6 Website Design Principles to Follow
Leverage these tried-and-true recommendations when designing — or redesigning — your organization’s website.
By Lindsey Hency
Redesigning a website is about more than fonts, colors and animations. It’s about ensuring the user experience is as frictionless as possible.
If you’re heading into a redesign, these are the web design principles you’ll want to keep top of mind.
1. Establish Clear Hierarchies
Visual hierarchy is critical to helping users consume content. If everything looks like it has the same importance, then nothing appears essential. Users need visual cues to understand which elements to pay attention to, meaning you need to structure your pages in a way that directs users where you want them to go. So, first things first, decide the most important initiatives for your organization and then create a design that places emphasis on those items by using scale, color or whitespace.
2. Consider Proximity
Proximity allows us to build perceived relationships between different elements based on where they are placed. In short, things that are related should be closer to each other, and things that are unrelated should be placed farther apart. Think of how related material in a book is grouped together in a chapter. The same principle — keeping birds of a feather together — applies to your website.

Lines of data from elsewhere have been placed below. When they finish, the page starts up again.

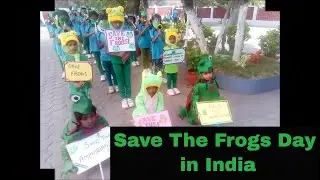 Save The Frogs Day 2019 in Coimbatore, Tamil Nadu, India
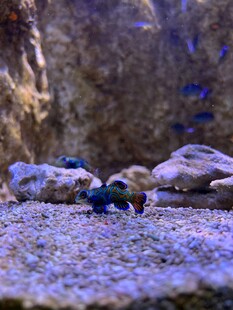 水族箱中的多彩石头与小鱼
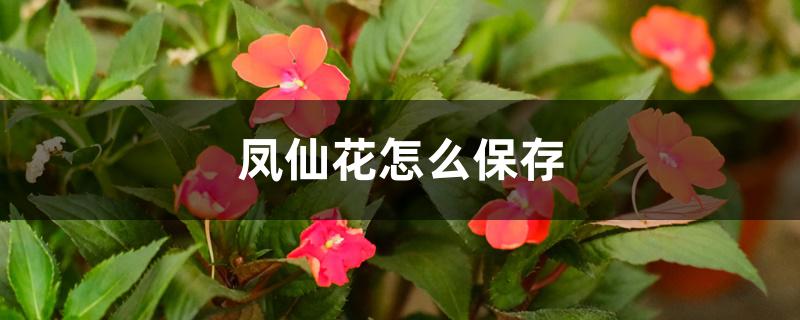 凤仙花怎么保存 凤仙花怎么保存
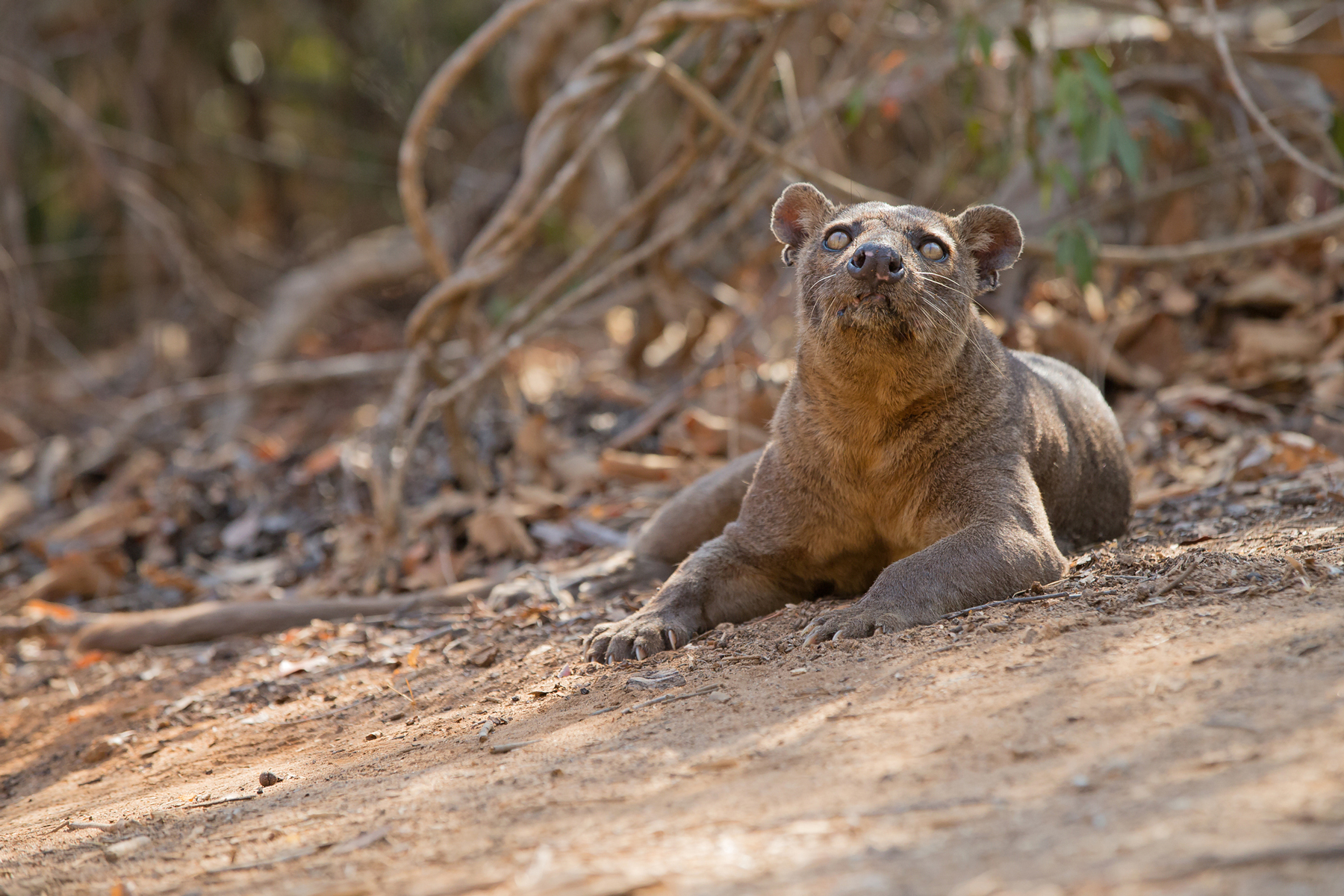 madagascar wildlife tours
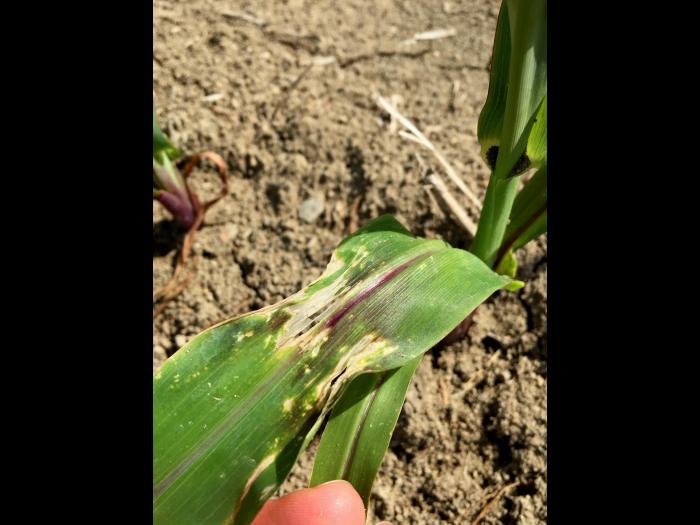 Maïs grain et fourrager - imazéthapyr (2)_9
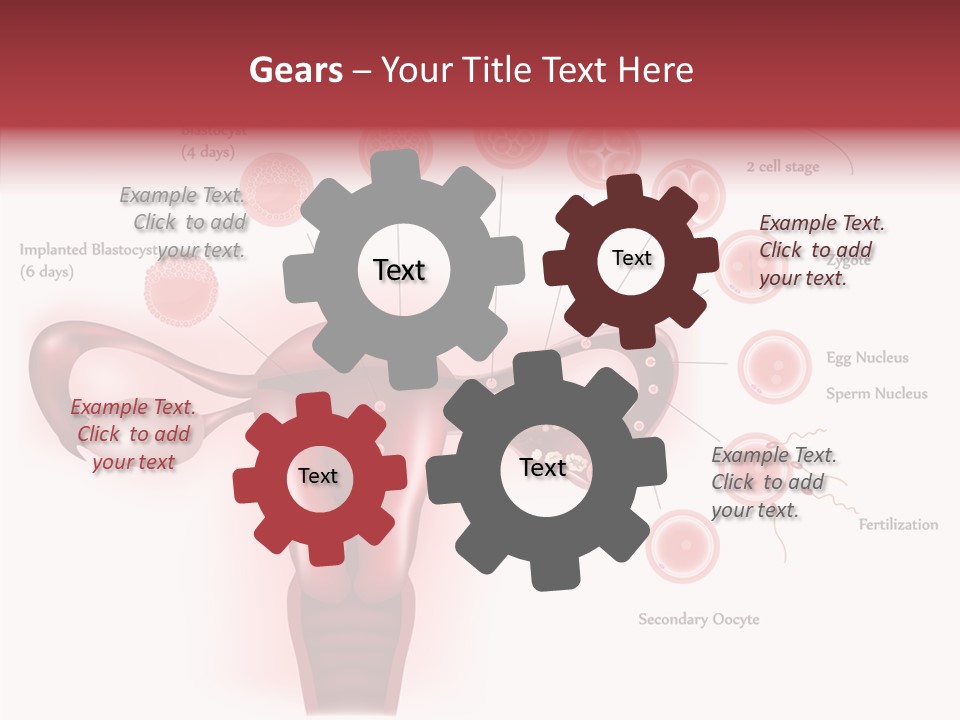 Fertilization Illustration Human PowerPoint Template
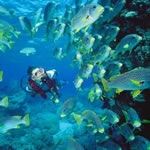 Diving Safari Holidays South Africa Diving Safari Sodwana Hluhluwe Diving Safari Holiday Vacation South Africa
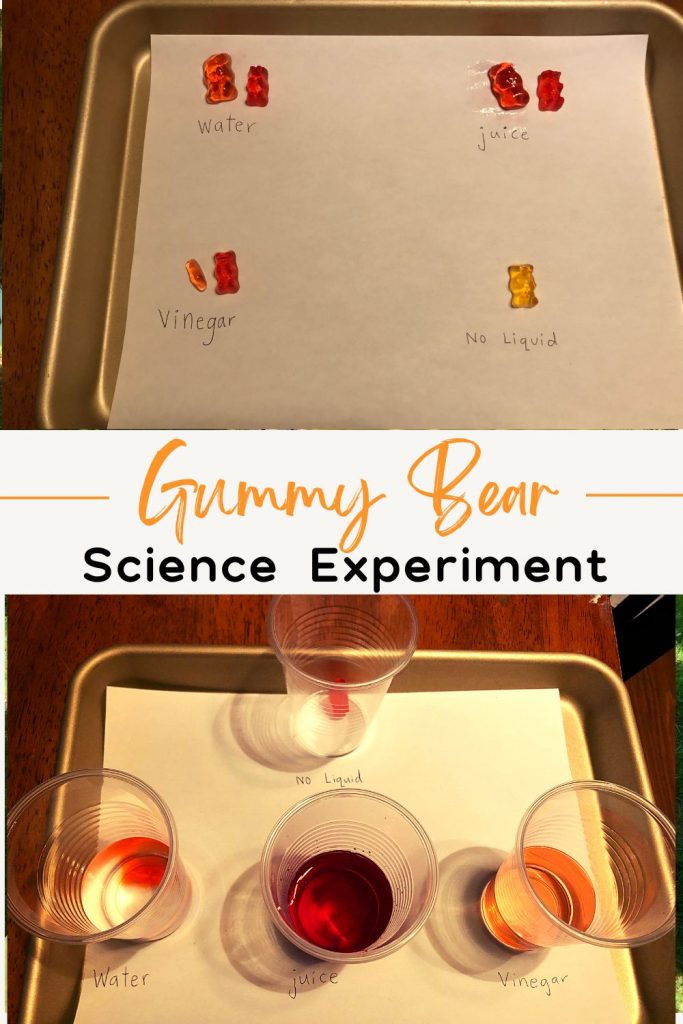Gummy Bear Science Experiment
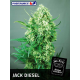 Jack Diesel Positronics Seeds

3. Keep Accessibility in Mind
Designing for accessibility means that your website can be equally accessed by users regardless of their physical and/or cognitive abilities. Beyond the obvious equity case for accessibility, having an accessible website design gives you the potential to reach more people with your content. While you should be consulting the Web Content Accessibility Guidelines for comprehensive technical standards, here are a few big-ticket items to watch for:
- Your site should be usable on both mobile and desktop.
- Hyperlinked text should clearly indicate where the link will take a user.

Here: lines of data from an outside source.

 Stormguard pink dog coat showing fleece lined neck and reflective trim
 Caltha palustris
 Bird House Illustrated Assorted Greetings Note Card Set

- All sites should be navigable by a screen reader.
4. Check Your Color Contrast
Speaking of accessibility, color contrast not only adds heft to your primary calls to action — it’s vital for readability. For example, people with vision impairments can have a difficult time reading text on a screen that does not have sufficient contrast. If you’re ever in doubt, run your colors through a contrast check.
5. Embrace and Enable Eye Movement
Dynamic design encourages lots of eye movement. The most common eye movement patterns are F and Z patterns:
- F pattern (F means fast): In designs with an abundance of text, we quickly scan across the top of the page, from left to right — headlines and decks, essentially — then down the left, searching for clues that tell us what we want to know, or if we want to stay on the page.
- Z pattern: In designs without a lot of text or content, we scan in a zigzag pattern from top left to top right then diagonally down to the bottom left, stopping at the bottom right.
Take a moment to step back from the screen and skim your designs. Where do your eyes want to land? Does that match the desired action that you want users to take?
6. Engage Visitors with Variety
Variety is what keeps things interesting and engaging. Imagine a site where all of the information is presented in the same way using the same fonts, colors and hierarchy. Users would get lost in this sea of sameness and bounce. Instead, you want to serve up the information in a variety of ways, from card patterns to sliders to accordions and more.